■ **Task item**: The entries need to be copied exactly as they stand, images left out.

[Information given — start]

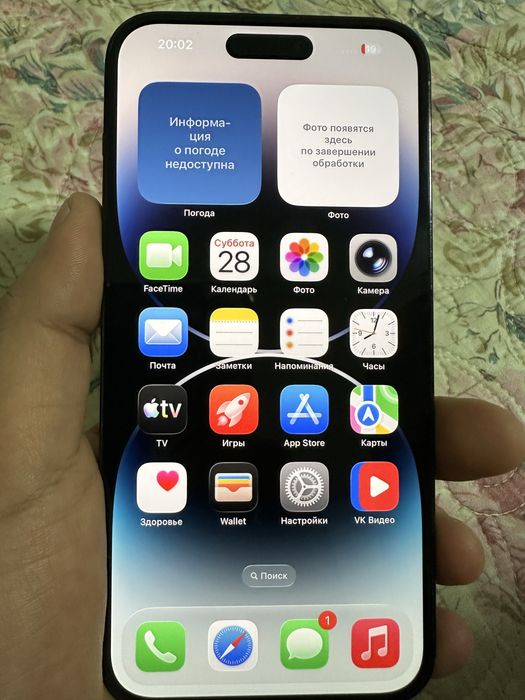 Продам айфон/iphone 14 pro max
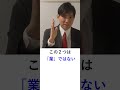 宅建業法上の「業」の定義|業とは?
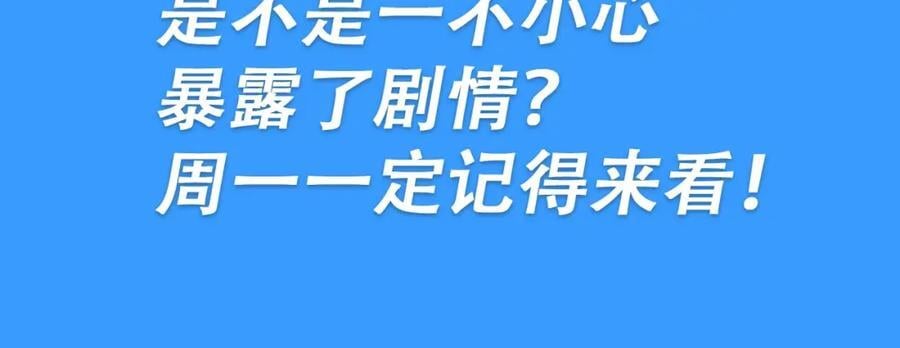 第28期 没更新日记，作者在干什么？（日更中）40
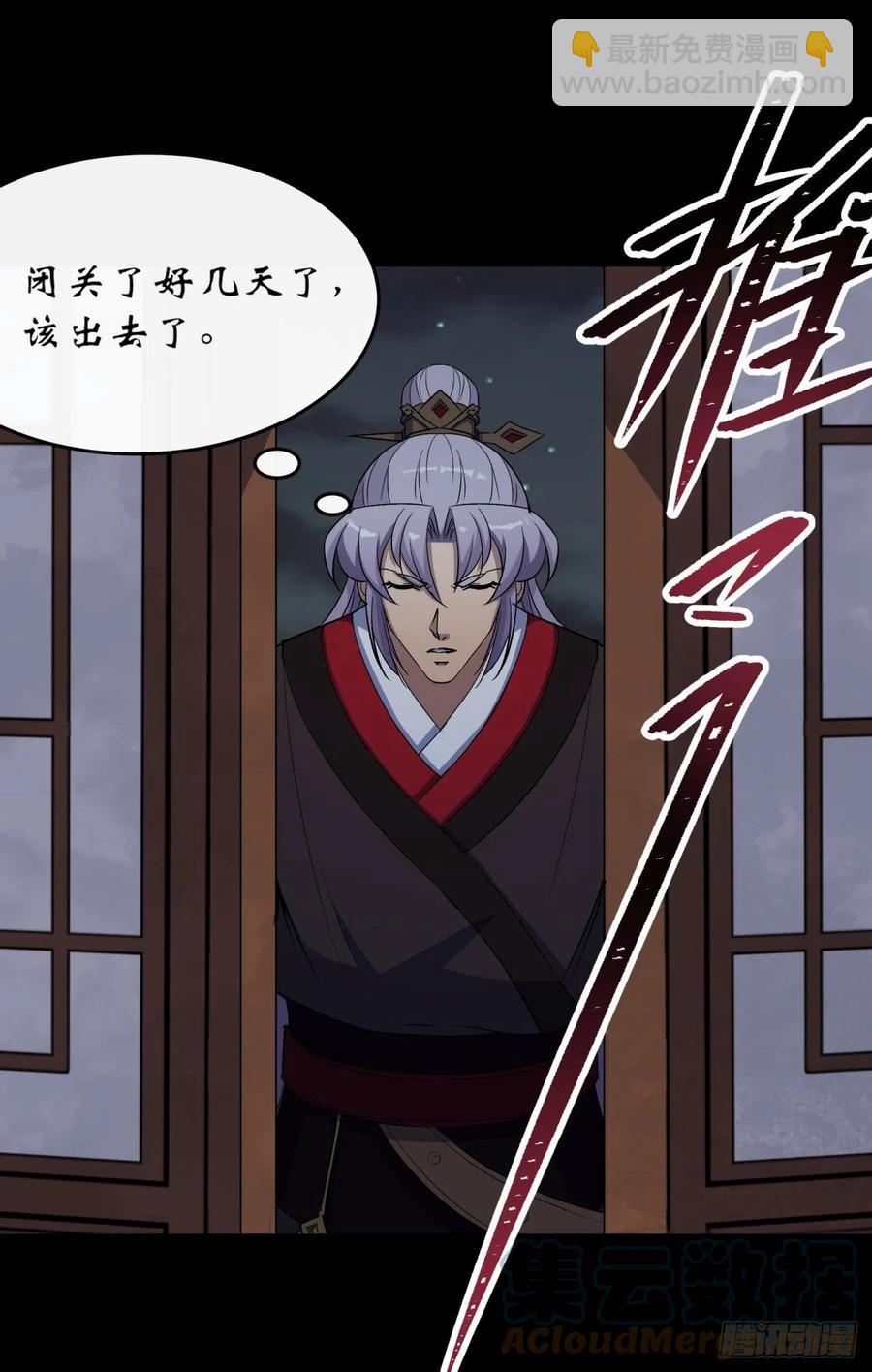 第62话 过关-第63话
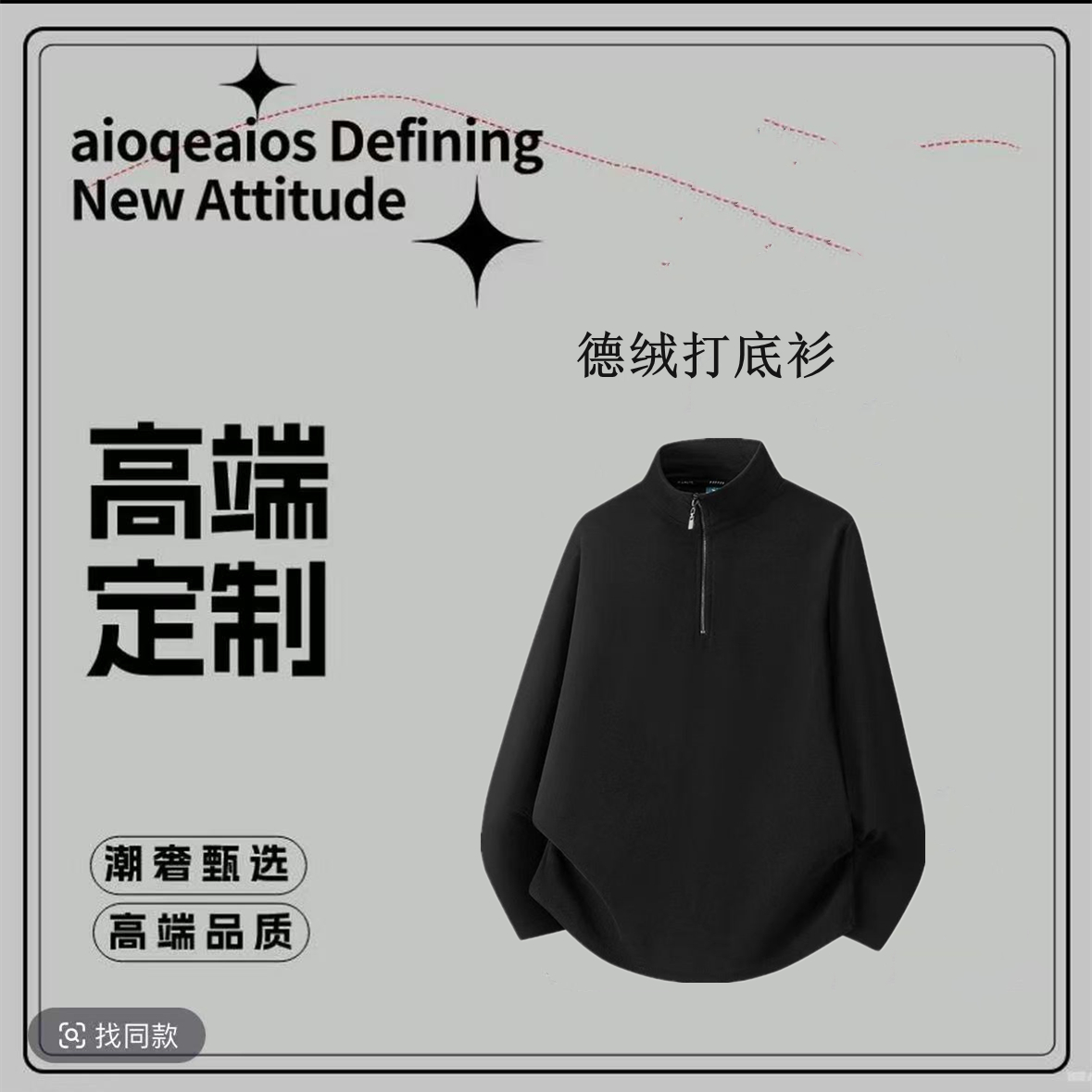 2025秋冬德绒打底衫纯色半拉链半高领外穿内搭保暖琐温长袖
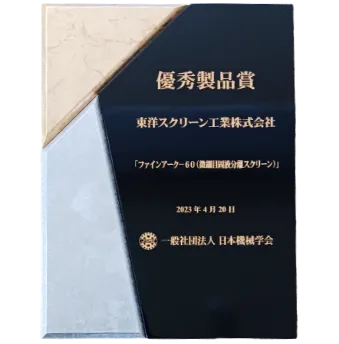 日本機械学会 優秀製品賞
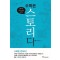 수학은 스토리다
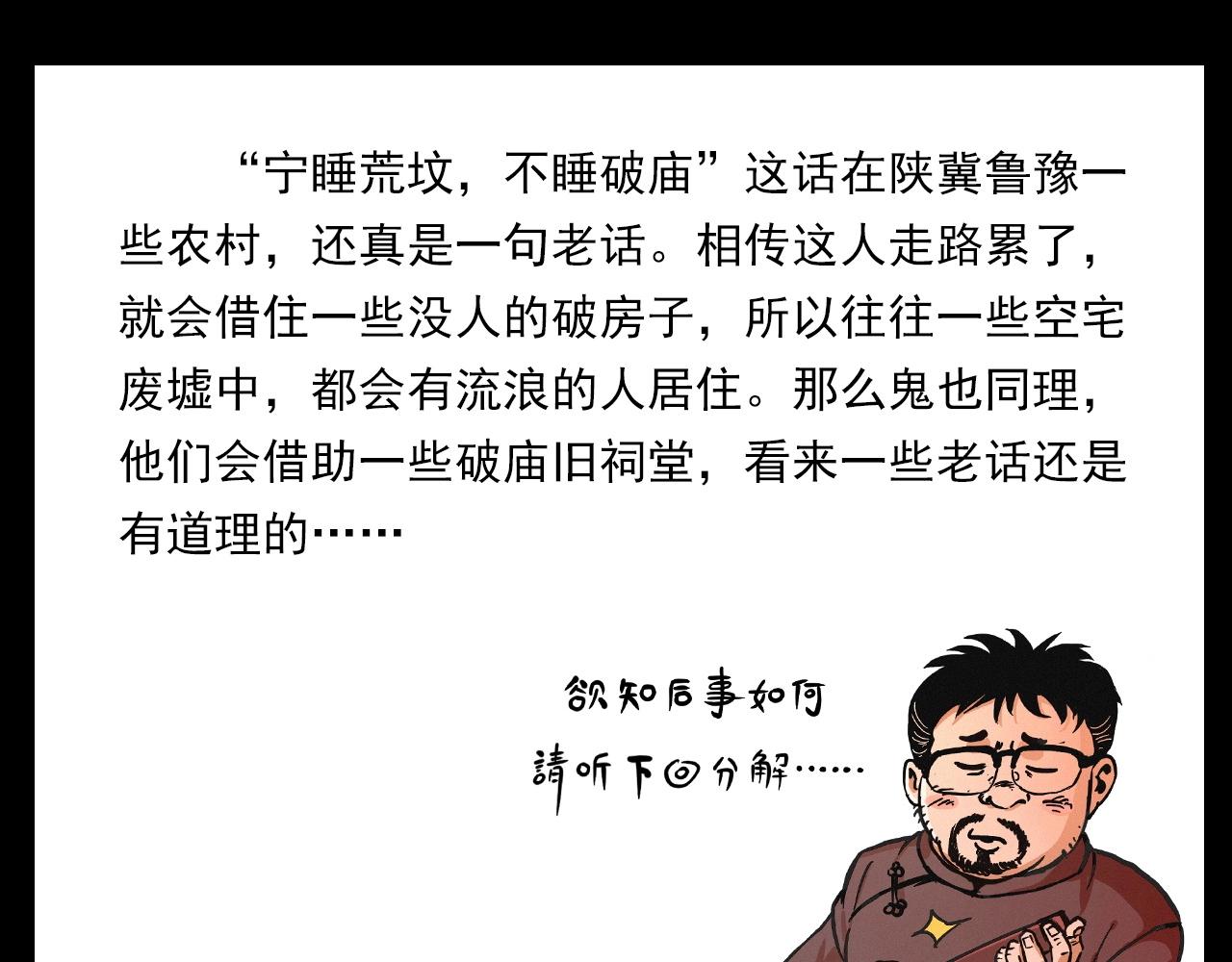 第337话 夜宿破庙83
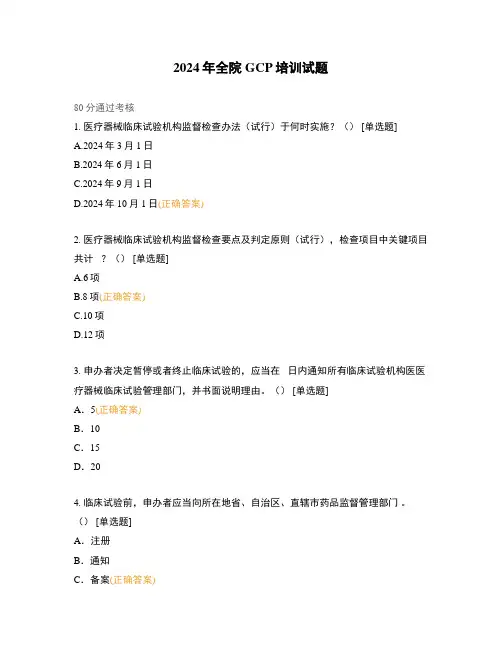 2024年全院GCP培训试题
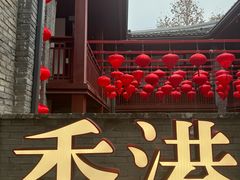 -新华日报旧址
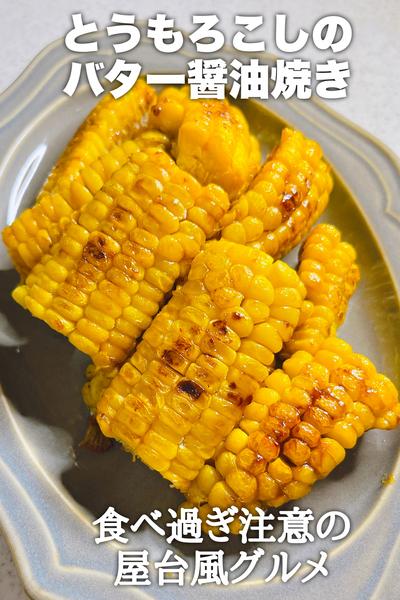 とうもろこしのバター醤油焼き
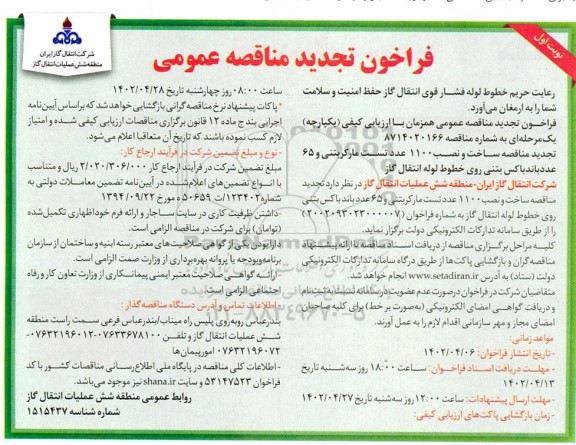 تجدید مناقصه ساخت و نصب 1100 عدد تست مارکربتنی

[Information given — finish]

■ **Output of the exercise**:
 Продам айфон/iphone 14 pro max
 宅建業法上の「業」の定義|業とは?
 第28期 没更新日记，作者在干什么？（日更中）40
 第62话 过关-第63话
 2025秋冬德绒打底衫纯色半拉链半高领外穿内搭保暖琐温长袖
 日本機械学会 優秀製品賞
 수학은 스토리다
 第337话 夜宿破庙83
 2024年全院GCP培训试题
 -新华日报旧址
 とうもろこしのバター醤油焼き
 تجدید مناقصه ساخت و نصب 1100 عدد تست مارکربتنی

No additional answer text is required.